Introduction
Missing or incomplete data is a common challenge in analytical databases. Whether data is unavailable, unknown, or intentionally omitted, handling these values correctly is essential for producing accurate query results and maintaining efficient data models.
ClickHouse® provides several features for managing missing data, including the Nullable data type, default values, and built-in functions for working with NULL values. Choosing the right approach helps improve query accuracy while minimizing unnecessary storage and processing overhead.
In this article, we'll explore how ClickHouse handles NULL values, understand the differences between NULL and default values, and learn practical techniques and best practices for working with missing data.
1. Understanding NULL and Missing Data
Although they are often used interchangeably, NULL values, missing data, and default values represent different concepts.
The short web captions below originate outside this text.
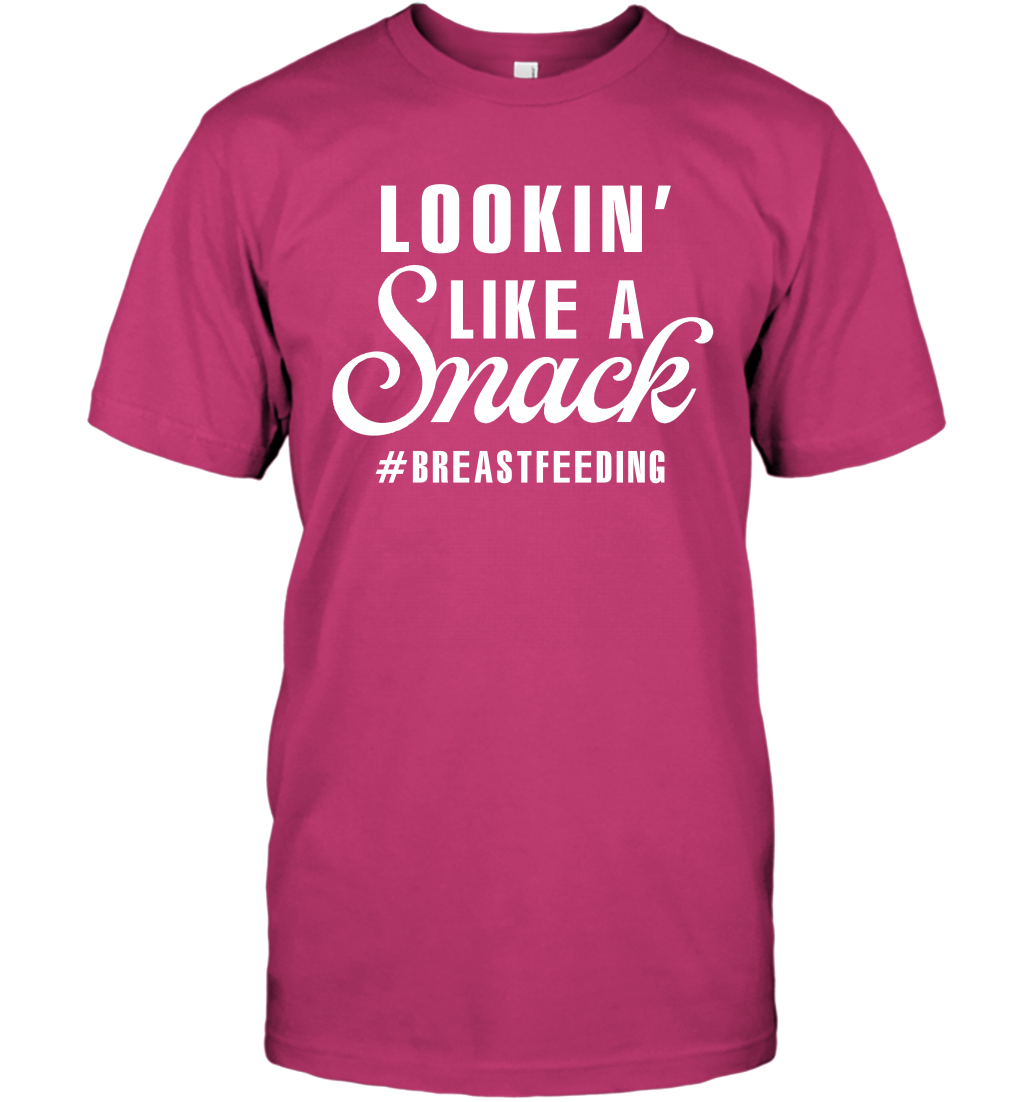 Lookin' Like A Snack Breastfeeding Shirt T-Shirt T-Shirt Heliconia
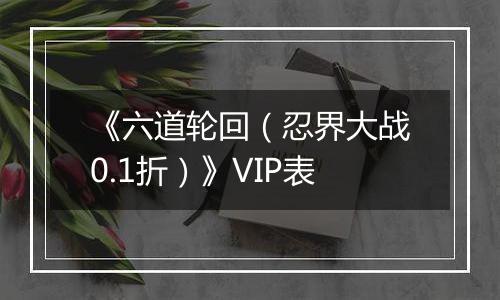 《六道轮回（忍界大战0.1折）》VIP表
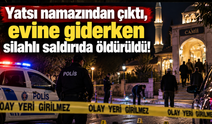 Yatsı namazından çıktı, evine giderken silahlı saldırıda öldürüldü!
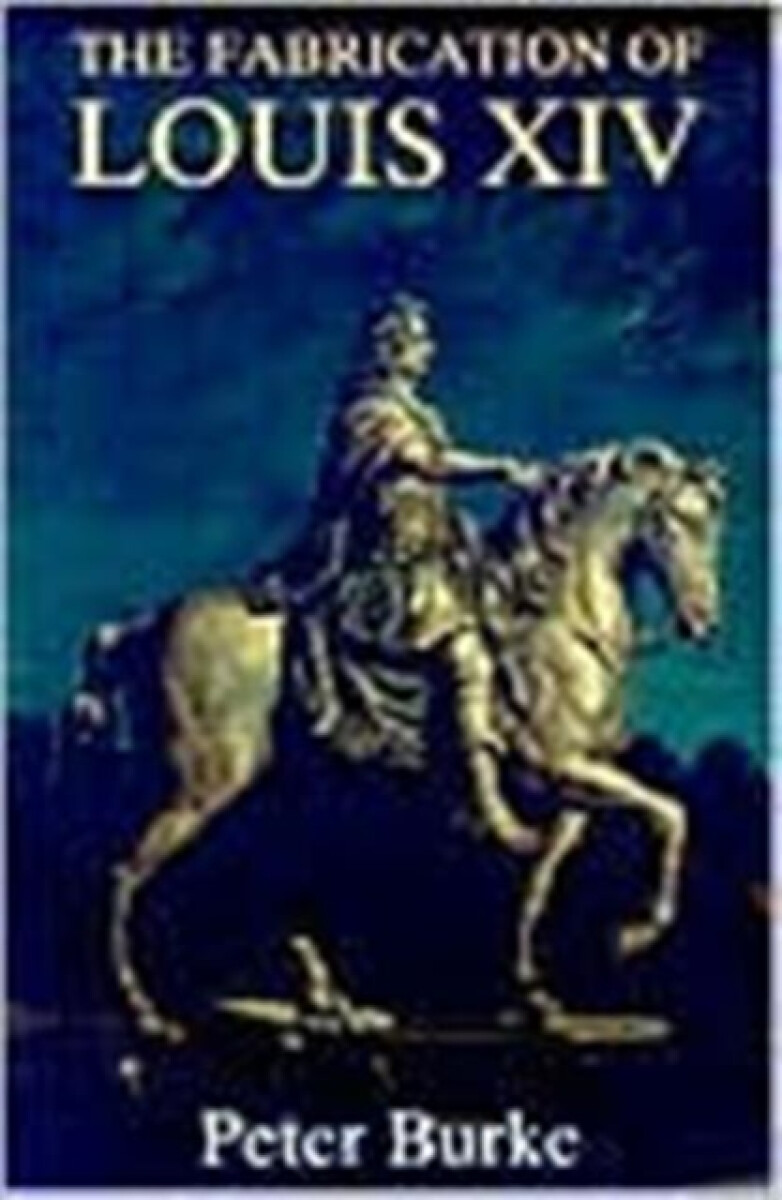 Kniha Fabrication of Louis XIV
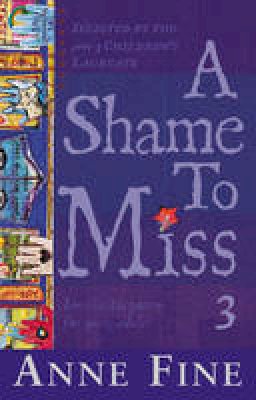 Anne Fine - Shame To Miss Poetry Collection 3 - 9780552567008 - V9780552567008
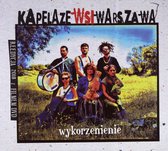 Kapela Ze Wsi Warszawa: Wykorzenienie [CD]+[DVD]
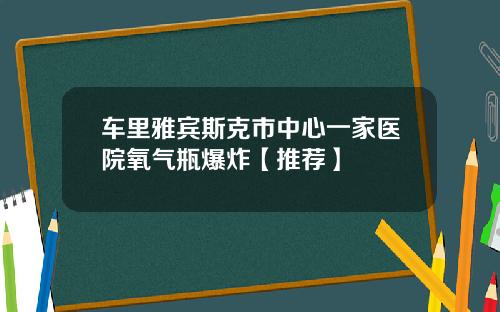 车里雅宾斯克市中心一家医院氧气瓶爆炸【推荐】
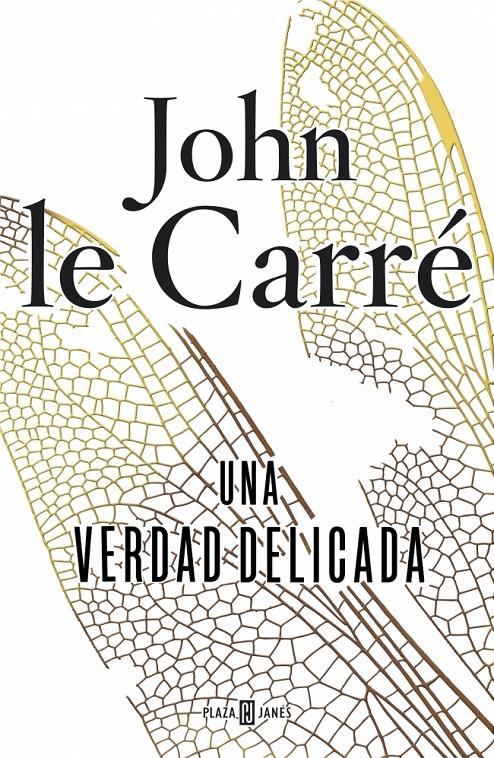 UNA VERDAD DELICADA | 9788401354793 | CARRE,JOHN LE | Llibreria Ombra | Llibreria online de Rubí, Barcelona | Comprar llibres en català i castellà online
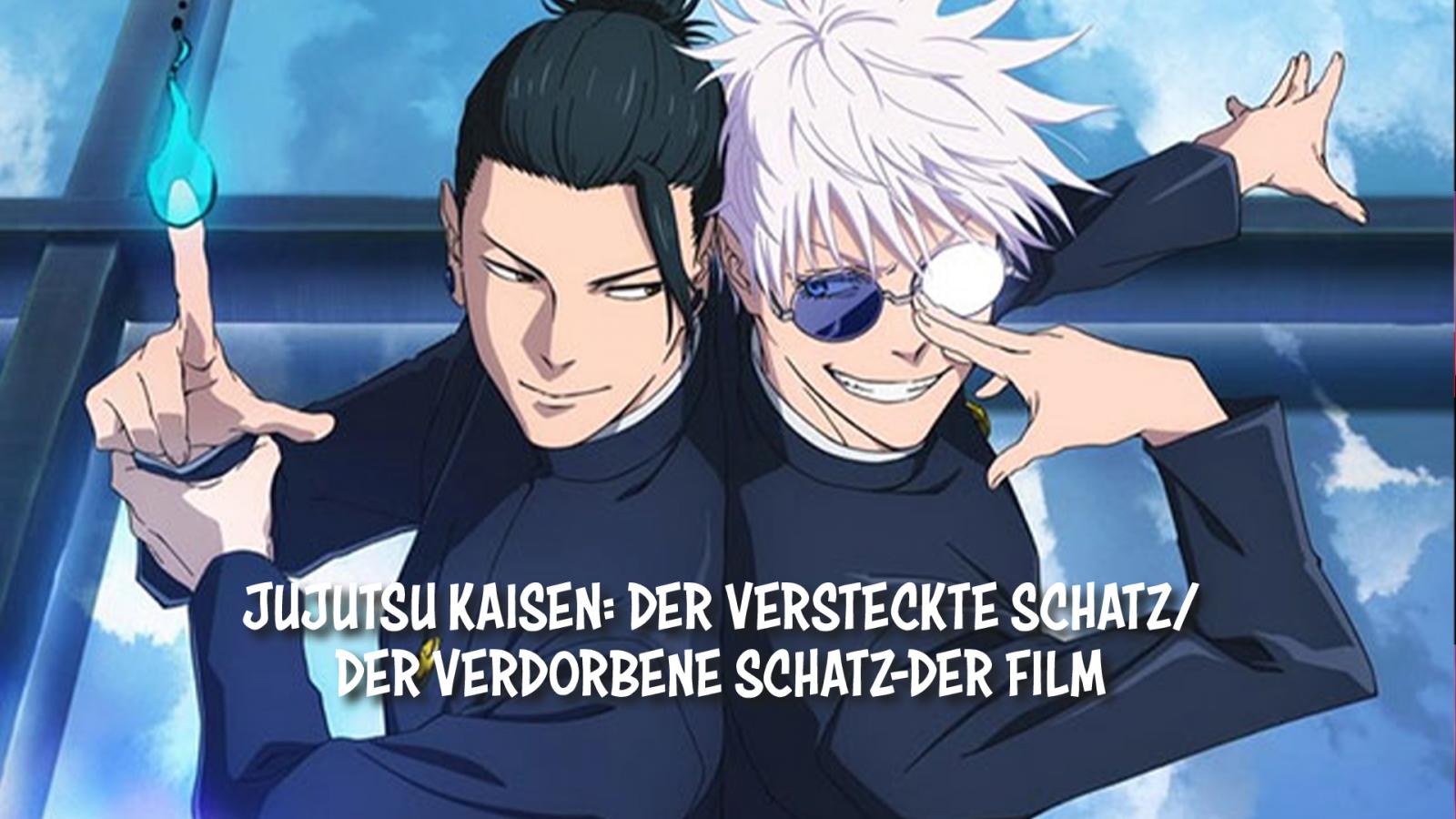 Anime: Jujutsu Kaisen: Der versteckte Schatz/Der verdorbene Schatz - Der Film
- NULL represents an unknown or unavailable value.
- Missing data occurs when a value is omitted during insertion.
- Default values are automatically assigned when no value is provided for a column.
For example:
| Customer | Coupon Code |
|---|---|
| Alice | SAVE10 |
| Bob | NULL |
In this example, NULL indicates that Bob's coupon code is unknown or unavailable. It is different from an empty string ('') or a default value.
Understanding these differences helps ensure accurate data modeling and reporting.
2. When Should You Use NULL Values?
NULL values are useful when the absence of data has business meaning. Common scenarios include:
- Optional customer information such as phone numbers or email addresses.
- IoT devices that occasionally miss sensor readings.
- Financial transactions with optional discount or referral codes.
- Application logs containing optional metadata.
- Healthcare datasets with unavailable measurements.
If the missing value represents an unknown or unavailable state, using NULL is generally more appropriate than storing a default value.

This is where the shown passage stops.